We investigated significantly enriched KEGG pathways and the key target genes associated with these pathways. Our findings were in line with a range of previous studies, with respect to choline metabolism [27], the Ras-Raf-ERK signaling pathway [28], the estrogen receptor pathway [29], MAPK1 [30], PRKCB [31], PIK3CA [31], NRAS [32], PIK3R3 [33] and SOS1 [34]. These pathways have all been demonstrated to play vital roles in the aggressiveness, growth, and metastasis of OVC. Further biological experiments are needed to reveal the underlying molecular mechanisms associated with the present microRNA signature.

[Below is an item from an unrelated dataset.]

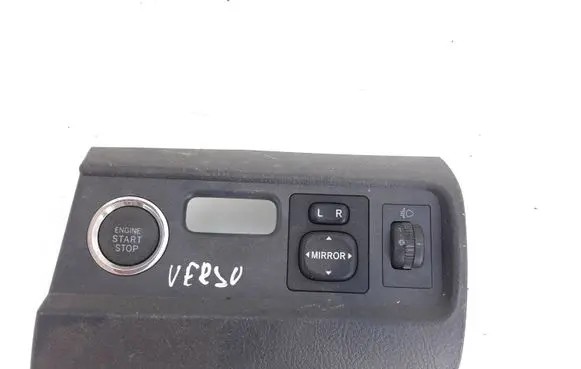 Engine start stop button switch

The limitations of this study are as follows. First, although the 6 microRNAs have been validated by the recruited cohort to be correlated with the prognosis of OVC patients, further validations should be carried out to test the performance of the 6-microRNA risk score system in clinical patients management including the prognosis and therapy. Second, we only had limited TCGA clinical data for our patients; thus, we could not perform subgroup analysis by stratifying more clinicopathological factors. Third, the precise molecular mechanisms underlying the action of the six-microRNAs remains to be further explored in patients with OVC. The proposed key pathways regulated by miRNA through modulation of the gene-expression should be validated by experimentation at the functional level using a model system in the future.

Conclusions

In summary, we constructed a prognostic model for OVC based on a six-microRNA signature (hsa-miR-3074-5p, hsa-miR-758-3p, hsa-miR-877-5p, hsa-miR-760, hsa-miR-342-5p and hsa-miR-6509-5p). The risk score system exhibited significant prognostic value for OVC patients. Clinical experiments further proved that the six-microRNA signature were useful prognostic biomarkers for OVC and may provide novel insights for unraveling the pathogenesis of OVC. These six microRNAs could potentially serve as biomarkers for prognostic stratification and individualized surveillance of patients with OVC.